Monitoring alone isn’t enough

As IT environments become more complex, it becomes harder to find the root cause of problems. Applications are constantly changing. Today, apps can move across the infrastructure to the cloud, they can automatically scale up and scale down. In addition, your infrastructure is constantly changing. And if you’re like most organisations, you’re dealing with multiple IT service providers.

When a problem occurs it’s impossible to gain the timely insight you need from traditional methods. You may be collecting data from various monitoring tools, but even with multiple tools, you don’t have the visibility you need.
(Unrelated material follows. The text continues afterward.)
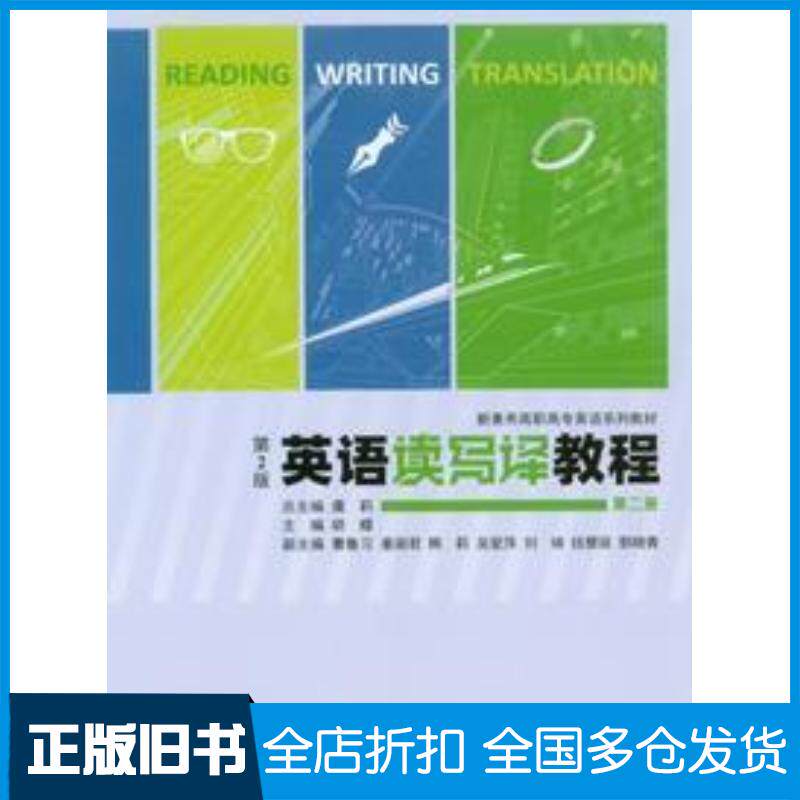 正版旧书英语读写译教程第二2版胡蝶重庆大学出版社9787568946384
You still need traditional monitoring, of course. But monitoring alone is not enough. To pinpoint the root cause of an incident in minutes, you need to apply analytics to all the data you’re collecting from your various monitoring tools as well as to the so-called “dark” data of your system log files. Only then can you see correlations that tell you where the problem is.
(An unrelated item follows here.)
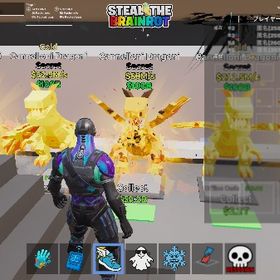 ノーマルドラゴン | フォートナイト(Fortnite)のアカウントデータ、RMTの販売・買取一覧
Three ways Operations Analytics saves time and money

Organisations see a number of benefits when they implement an Operations Analytics solution. Here are some of the most important:

  • Reduce Mean Time to Repair: When you use Big Data to correlate your Operations data, you’ll be able to see problems before they happen (the ideal case) or before they become a real issue. But if something has become a real issue, you’re able to pinpoint it much more quickly.
  • Use smaller teams to solve problems: In many enterprises, the response to an outage is to jump in with 20 people on the phone. This type of reaction is not only costly, but it also has far-reaching effects: You’re pulling people away from their real work so that they can troubleshoot. But with Operations Analytics you don’t have to mobilise a crack team of experts to solve every issue. You can often solve problems at what we call level one-and-a-half: the level directly behind the Operations Bridge.
  • Avoid future issues by improving your applications: The third benefit is that now you can provide some of the Operations Analytics data back to your application teams. Now, when they go through a new cycle of their build, they have more knowledge of how the application behaves in the real world. Providing this type of feedback on app behavior ultimately reduces issues because development teams have the information they need to improve their applications.


Keys to success with Operations Analytics

When we’ve worked with organisations on implementing an Operations Analytics solution, we’re looking to help IT come up with what we call “Big Data maps” for their applications. Basically, we take everything that has to do with an application (your metrics data, your log files, your Venn data, your flow data, and so on) and instrument the solution so that you see all that data together. A Big Data map lets you see trends quickly. Over time, as trends develop, you’ll be able to predict problems instead of reacting to them after the fact.

To be successful with an Operations Analytics solution, take these three considerations into account:

  • How do I instrument this solution so I get the insight I need?
  • How do I onboard my critical applications?
  • How do I make it easy for my developers or my level 1.5 operations team to create Big Data maps quickly?

Asking these questions can help you adapt an analytics solution to your organisation’s most pressing needs. The benefit is that you can then use the solution to improve monitoring, application development, troubleshooting, and more.